Probability Density The probability density at x is defined as the function, we’re going to call it little f of x, such that the probability distribution big F of a, which is the probability of x being less than or equal to a, is the integral of all values up to a of little f of x dx.
For example, to use the normal approximation to estimate the probability of someone being taller than 76 inches, we can use the probability density.
avg <- mean(x)
s <- sd(x)
1 - pnorm(76, avg, s)
[1] 0.03206008
Monte Carlo Simulation We can run Monte Carlo simulations using normally distributed variables. R provides a function to generate normally distributed outcomes. Specifically, the rnorm function takes three arguments size, average, which defaults to 0, standard deviation, which defaults to 1. using the same data used above we can generate the relative normal distribution with the finction rnorm.
x <- heights %>% filter(sex=="Male") %>% .$height
n <- length(x)
avg <- mean(x)
s <- sd(x)
simulated_heights <- rnorm(n, avg, s)
data.frame(simulated_heights=simulated_heights) %>% ggplot(aes(simulated_heights)) +
geom_histogram(color="black", binwidth = 2)
Not surprisingly, the distribution of these outcomes looks normal because they were generated to look normal. This is one of the most useful functions in R, as it will permit us to generate data that mimics naturally occurring events. It’ll let us answer questions related to what could happen by chance by running Monte Carlo simulations. For example, if we pick 800 males at random, what is the distribution of the tallest person? Specifically, we could ask, how rare is that the tallest person is a seven footer?
b <- 10000
tallest <- replicate(b, {
simulated_data <- rnorm(800, avg, s)
max(simulated_data)
})
mean(tallest >= 7*12)
[1] 0.0217
The normal distribution is not the only useful theoretical distribution. Other continuous distributions that we may encounter are student-t, the chi-squared, the exponential, the gamma, and the beta distribution. R provides functions to compute the density, the quantiles, the cumulative distribution function, and to generate Monte Carlos simulations for all these distributions.

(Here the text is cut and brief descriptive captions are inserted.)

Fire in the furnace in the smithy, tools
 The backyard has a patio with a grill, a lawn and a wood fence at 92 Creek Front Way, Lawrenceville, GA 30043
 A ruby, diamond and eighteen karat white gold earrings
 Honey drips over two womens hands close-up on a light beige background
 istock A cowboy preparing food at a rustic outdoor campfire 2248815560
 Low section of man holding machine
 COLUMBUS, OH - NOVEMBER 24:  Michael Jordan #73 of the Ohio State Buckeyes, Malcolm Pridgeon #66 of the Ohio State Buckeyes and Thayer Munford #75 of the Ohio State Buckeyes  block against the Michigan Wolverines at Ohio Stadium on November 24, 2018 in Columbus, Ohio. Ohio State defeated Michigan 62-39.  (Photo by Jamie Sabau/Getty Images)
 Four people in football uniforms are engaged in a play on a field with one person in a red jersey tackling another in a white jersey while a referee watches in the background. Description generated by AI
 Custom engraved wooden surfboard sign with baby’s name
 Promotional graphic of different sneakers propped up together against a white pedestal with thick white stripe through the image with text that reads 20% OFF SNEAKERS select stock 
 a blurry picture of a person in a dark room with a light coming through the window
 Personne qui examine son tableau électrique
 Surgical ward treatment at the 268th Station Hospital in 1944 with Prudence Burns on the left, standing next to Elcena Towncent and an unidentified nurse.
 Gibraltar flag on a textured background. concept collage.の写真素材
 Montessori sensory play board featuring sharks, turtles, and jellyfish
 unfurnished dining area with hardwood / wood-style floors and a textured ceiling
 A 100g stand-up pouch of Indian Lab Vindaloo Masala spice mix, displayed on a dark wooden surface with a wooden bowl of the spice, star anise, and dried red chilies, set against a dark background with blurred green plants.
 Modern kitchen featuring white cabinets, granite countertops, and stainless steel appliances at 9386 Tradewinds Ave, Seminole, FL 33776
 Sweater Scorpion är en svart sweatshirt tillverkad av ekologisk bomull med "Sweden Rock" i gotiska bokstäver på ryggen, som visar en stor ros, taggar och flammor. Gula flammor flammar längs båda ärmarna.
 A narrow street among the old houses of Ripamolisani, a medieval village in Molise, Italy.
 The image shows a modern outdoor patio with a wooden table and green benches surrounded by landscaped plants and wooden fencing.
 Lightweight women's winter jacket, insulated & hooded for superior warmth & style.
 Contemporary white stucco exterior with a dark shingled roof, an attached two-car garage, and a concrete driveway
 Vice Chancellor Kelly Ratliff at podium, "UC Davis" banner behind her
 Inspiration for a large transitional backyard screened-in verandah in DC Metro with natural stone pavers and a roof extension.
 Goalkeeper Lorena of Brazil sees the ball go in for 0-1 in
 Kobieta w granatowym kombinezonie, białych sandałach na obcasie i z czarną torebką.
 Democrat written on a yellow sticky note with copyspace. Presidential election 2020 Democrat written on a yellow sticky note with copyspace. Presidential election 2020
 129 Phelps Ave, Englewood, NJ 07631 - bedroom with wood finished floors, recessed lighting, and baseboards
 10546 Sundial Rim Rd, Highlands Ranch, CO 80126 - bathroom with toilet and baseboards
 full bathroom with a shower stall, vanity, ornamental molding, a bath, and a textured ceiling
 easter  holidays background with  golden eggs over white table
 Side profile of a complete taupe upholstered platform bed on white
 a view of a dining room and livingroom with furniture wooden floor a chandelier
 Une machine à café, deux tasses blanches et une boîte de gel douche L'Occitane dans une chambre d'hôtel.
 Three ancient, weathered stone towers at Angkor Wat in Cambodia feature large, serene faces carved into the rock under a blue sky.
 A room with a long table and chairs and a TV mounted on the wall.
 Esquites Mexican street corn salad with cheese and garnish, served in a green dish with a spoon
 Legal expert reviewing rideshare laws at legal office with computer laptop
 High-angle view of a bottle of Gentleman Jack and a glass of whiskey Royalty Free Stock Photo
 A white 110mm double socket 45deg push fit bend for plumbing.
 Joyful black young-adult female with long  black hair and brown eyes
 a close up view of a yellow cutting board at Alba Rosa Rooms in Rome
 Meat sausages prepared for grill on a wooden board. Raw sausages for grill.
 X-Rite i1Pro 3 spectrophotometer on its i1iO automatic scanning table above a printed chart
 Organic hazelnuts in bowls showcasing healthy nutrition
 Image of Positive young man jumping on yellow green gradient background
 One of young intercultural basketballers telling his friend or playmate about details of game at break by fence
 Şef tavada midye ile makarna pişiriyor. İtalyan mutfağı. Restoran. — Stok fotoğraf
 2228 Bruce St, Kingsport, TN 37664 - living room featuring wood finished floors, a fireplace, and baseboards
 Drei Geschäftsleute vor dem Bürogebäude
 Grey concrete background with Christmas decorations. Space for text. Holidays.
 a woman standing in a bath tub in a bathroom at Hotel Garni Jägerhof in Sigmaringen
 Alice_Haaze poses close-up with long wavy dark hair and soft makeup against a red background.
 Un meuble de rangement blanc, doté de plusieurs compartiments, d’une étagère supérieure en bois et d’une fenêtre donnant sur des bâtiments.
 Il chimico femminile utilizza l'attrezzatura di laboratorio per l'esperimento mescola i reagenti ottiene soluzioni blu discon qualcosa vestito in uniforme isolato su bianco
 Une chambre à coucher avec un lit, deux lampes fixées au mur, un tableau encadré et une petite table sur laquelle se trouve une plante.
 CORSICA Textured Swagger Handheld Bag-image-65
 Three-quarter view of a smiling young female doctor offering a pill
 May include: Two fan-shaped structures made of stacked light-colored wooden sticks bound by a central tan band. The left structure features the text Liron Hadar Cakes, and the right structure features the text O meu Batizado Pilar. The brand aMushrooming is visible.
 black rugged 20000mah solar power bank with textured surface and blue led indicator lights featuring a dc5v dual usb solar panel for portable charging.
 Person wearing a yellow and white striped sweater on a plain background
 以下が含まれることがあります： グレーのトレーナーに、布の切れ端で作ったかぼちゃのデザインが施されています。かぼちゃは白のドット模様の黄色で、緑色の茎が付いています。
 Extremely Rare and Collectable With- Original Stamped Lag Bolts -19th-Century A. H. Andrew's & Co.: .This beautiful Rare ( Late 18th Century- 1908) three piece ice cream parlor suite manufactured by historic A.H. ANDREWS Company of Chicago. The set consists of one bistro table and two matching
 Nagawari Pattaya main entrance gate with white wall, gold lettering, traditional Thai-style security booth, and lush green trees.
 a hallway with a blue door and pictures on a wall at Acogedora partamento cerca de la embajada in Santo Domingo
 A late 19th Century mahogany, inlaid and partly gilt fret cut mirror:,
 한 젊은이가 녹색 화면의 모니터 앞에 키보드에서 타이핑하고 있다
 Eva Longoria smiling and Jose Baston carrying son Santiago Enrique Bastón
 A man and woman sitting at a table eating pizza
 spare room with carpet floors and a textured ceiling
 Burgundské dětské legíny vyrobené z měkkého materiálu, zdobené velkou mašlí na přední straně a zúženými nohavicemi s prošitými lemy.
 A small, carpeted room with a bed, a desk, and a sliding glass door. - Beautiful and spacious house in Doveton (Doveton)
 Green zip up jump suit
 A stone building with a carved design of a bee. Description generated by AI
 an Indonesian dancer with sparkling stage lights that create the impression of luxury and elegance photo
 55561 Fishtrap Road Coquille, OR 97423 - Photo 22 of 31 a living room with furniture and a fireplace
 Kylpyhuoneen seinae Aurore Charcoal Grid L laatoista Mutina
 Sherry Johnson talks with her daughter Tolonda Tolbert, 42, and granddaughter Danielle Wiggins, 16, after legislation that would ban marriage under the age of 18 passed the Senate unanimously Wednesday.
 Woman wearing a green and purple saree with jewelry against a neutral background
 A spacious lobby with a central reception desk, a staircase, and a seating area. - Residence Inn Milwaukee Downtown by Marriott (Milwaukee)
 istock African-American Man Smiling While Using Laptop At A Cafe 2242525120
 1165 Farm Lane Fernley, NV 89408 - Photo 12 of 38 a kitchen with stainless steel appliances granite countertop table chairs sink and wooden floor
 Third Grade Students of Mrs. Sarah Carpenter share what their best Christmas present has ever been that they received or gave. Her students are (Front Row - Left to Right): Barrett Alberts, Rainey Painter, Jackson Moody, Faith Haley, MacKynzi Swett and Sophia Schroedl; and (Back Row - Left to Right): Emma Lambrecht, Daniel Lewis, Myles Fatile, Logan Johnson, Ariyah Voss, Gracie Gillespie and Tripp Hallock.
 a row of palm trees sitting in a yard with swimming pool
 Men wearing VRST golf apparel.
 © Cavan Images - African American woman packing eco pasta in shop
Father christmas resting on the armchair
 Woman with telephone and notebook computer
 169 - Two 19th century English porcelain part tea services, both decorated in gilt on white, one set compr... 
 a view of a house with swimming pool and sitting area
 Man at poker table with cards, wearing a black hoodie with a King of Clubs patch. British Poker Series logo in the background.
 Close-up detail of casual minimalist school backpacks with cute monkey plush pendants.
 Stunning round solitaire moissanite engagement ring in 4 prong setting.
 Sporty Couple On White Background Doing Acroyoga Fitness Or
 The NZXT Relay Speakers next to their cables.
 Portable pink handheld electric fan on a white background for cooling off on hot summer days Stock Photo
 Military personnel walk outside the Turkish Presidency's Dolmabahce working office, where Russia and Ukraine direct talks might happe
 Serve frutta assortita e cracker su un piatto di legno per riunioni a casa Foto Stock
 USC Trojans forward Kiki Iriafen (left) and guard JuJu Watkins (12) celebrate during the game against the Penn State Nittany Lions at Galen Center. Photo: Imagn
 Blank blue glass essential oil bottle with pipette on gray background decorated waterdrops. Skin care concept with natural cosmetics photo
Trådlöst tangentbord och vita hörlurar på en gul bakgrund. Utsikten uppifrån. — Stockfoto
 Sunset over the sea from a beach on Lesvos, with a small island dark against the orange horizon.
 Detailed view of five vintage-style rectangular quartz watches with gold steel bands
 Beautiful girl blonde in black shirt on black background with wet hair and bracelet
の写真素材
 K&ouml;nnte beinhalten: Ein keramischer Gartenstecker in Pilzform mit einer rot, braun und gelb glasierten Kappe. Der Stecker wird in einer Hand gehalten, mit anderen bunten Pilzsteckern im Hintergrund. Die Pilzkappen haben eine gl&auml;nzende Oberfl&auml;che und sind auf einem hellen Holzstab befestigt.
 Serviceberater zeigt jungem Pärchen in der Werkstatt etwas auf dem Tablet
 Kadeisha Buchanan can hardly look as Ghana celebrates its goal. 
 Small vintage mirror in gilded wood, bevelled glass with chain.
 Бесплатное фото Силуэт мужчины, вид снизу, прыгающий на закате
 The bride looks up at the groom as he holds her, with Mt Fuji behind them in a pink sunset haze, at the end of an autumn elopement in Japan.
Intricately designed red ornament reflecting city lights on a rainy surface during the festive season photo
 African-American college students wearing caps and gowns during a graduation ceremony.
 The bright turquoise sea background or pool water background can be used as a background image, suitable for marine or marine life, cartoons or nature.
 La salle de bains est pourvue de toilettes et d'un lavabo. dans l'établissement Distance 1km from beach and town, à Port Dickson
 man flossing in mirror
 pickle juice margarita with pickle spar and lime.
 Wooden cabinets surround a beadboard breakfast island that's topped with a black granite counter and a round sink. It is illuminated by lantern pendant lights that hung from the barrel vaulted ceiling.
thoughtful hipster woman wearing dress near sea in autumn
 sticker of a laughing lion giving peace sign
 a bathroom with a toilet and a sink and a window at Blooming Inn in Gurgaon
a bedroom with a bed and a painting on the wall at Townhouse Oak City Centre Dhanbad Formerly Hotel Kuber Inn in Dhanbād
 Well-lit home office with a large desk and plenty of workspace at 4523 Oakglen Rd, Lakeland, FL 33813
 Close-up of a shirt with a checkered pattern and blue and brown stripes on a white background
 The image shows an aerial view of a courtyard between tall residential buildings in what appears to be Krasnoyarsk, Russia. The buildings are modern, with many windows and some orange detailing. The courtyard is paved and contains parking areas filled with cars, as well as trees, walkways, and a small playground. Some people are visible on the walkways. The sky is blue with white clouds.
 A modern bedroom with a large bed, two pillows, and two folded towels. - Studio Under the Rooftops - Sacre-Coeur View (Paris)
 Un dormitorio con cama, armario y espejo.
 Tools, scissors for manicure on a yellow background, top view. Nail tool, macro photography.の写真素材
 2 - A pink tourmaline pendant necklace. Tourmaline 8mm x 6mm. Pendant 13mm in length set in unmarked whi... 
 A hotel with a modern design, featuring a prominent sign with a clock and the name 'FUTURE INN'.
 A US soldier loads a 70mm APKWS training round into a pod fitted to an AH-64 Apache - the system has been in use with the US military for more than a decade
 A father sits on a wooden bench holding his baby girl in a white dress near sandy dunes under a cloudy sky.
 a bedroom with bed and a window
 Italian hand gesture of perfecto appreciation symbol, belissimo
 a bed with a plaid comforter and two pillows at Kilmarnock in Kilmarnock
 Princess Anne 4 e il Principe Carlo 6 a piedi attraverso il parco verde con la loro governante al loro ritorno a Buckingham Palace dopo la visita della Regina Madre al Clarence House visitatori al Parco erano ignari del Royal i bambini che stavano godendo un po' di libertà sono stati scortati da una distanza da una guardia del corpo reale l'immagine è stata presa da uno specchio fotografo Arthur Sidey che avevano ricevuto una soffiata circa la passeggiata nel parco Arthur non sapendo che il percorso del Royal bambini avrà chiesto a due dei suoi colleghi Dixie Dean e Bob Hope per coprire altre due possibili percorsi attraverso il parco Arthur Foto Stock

Namely, using the letters d for density, q for quantile, p for probability density function, and r for random. By putting these letters in front of a shorthand for the distribution, gives us the names of these useful functions.
Statistical Inference In data science, we often deal with data that is affected by chance in some way. The data comes from a random sample, the data is affected by measurement error, or the data measures some outcome that is random in nature. Being able to quantify the uncertainty introduced by randomness is one of the most important jobs of a data scientist. For example, in epidemiological studies, we often assume that the subjects in our study are a random sample from the population of interest. Sampling models are therefore ubiquitous in data science. Data scientists talk about what could have been, but after we see what actually happened.